Inner @autoreleasepool (Peak Memory: ~61.2KB)

    for(uint32_t count = 0; count < MAX_ALLOCATIONS; count++)
    {
        @autoreleasepool {
            NSString *text = [NSString stringWithFormat:@"%u", count + 1U];
            [text class];
        }
    }

Run Times:
14.031112
14.284014
14.099625


@autoreleasepool w/ goto (Peak Memory: ~115KB)

    static const NSUInteger BATCH_SIZE = 1500;
    uint32_t count = 0;

    next_batch:
    @autoreleasepool {
        for(;count < MAX_ALLOCATIONS; count++)
        {
            NSString *text = [NSString stringWithFormat:@"%u", count + 1U];
            [text class];
            if((count + 1) % BATCH_SIZE == 0)
            {
                count++; //Increment count manually
                goto next_batch;
            }
        }
    }

Run Times:
10.908756
10.960189
11.018382

The goto statement offered the closest performance, but it uses a goto. Any thoughts?

Update:

Note: The goto statement is a normal exit for an @autoreleasepool as stated in the documentation and will not leak memory.

On entry, an autorelease pool is pushed. On normal exit (break, return, goto, fall-through, and so on) the autorelease pool is popped. For compatibility with existing code, if exit is due to an exception, the autorelease pool is not popped.

2
Use the optimizer. It's rather important for ARC code.Jon Shier
So that goto is definitely not, I don't know, causing a memory leak? Everything else makes sense: less draining is faster. Anyway, I can only comment on readability: anywhere you pool is fine. That goto would need a yellow sticky note.Dan Rosenstark
The goto did not seem to leak any memory. Looks like the scope drained the autorelease pool as I expected but I am no expert on ARC (yet) and do not want to rely on UB.Joe
can't you do the same thing by inverting your code and putting the autorelease pool INSIDE the for that checks your batch size?
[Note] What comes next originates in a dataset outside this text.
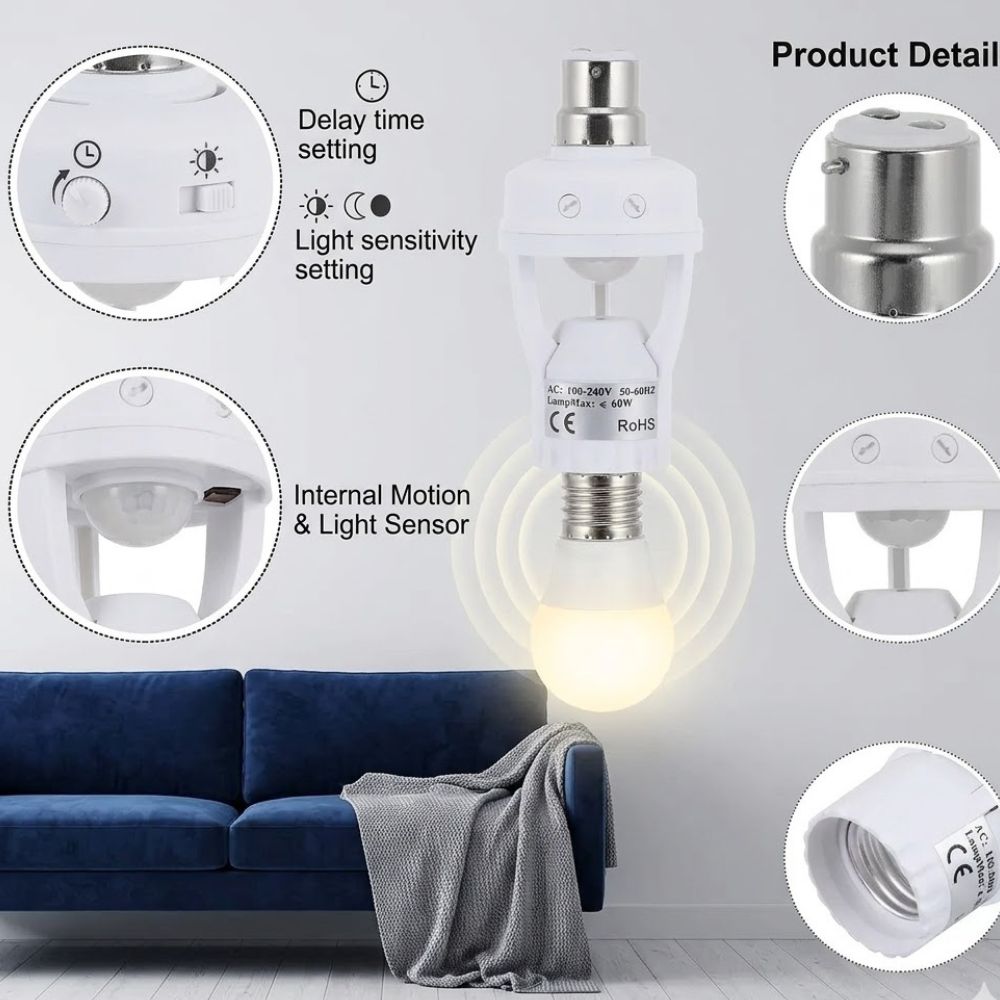 Smart Motion Sensor Light Bulb Holder E27 / B22 Automatic LED Switch AC 110V 220V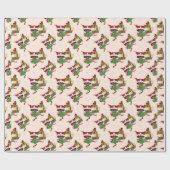 Weihnachtsafrikanische niedliche Elfe, Geschenkpapier (Flach)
Obviously count would have to start from where it last left off...Dan Rosenstark
@Yar Thanks, lack of sleep has me overcomplicating things again.Joe

2 Answers

9
votes

The following should achieve the same thing as the goto answer without the goto:

for (NSUInteger count = 0; count < MAX_ALLOCATIONS;)
{
    @autoreleasepool
    {
        for (NSUInteger j = 0; j < BATCH_SIZE && count < MAX_ALLOCATIONS; j++, count++)
        {
            NSString *text = [NSString stringWithFormat:@"%u", count + 1U];
            [text class];
        }
    }
}
2
votes

Note that ARC enables significant optimizations which are not enabled at -O0. If you're going to measure performance under ARC, you must test with optimizations enabled. Otherwise, you'll be measuring your hand-tuned retain/release placement against ARC's "naive mode".

Run your tests again with optimizations and see what happens.

Update: I was curious, so I ran it myself. These are the runtime results in Release mode (-Os), with 7,000,000 allocations.

arc-perf[43645:f803] outer: 8.1259
arc-perf[43645:f803] outer: 8.2089
arc-perf[43645:f803] outer: 9.1104

arc-perf[43645:f803] inner: 8.4817
arc-perf[43645:f803] inner: 8.3687
arc-perf[43645:f803] inner: 8.5470

arc-perf[43645:f803] withGoto: 7.6133
arc-perf[43645:f803] withGoto: 7.7465
arc-perf[43645:f803] withGoto: 7.7007

arc-perf[43645:f803] non-ARC: 7.3443
arc-perf[43645:f803] non-ARC: 7.3188
arc-perf[43645:f803] non-ARC: 7.3098

And the memory peaks (only run with 100,000 allocations, because Instruments was taking forever):

Outer: 2.55 MB
Inner: 723 KB
withGoto: ~747 KB
Non-ARC: ~748 KB

These results surprise me a little. Well, the memory peak results don't; it's exactly what you'd expect. But the run time difference between inner and withGoto, even with optimizations enabled, is higher than what I would anticipate.

Of course, this is somewhat of a pathological micro-test, which is very unlikely to model real-world performance of any application. The takeaway here is that ARC may indeed some amount of overhead, but you should always measure your actual application before making assumptions.

(Also, I tested @ipmcc's answer using nested for loops; it behaved almost exactly like the goto version.)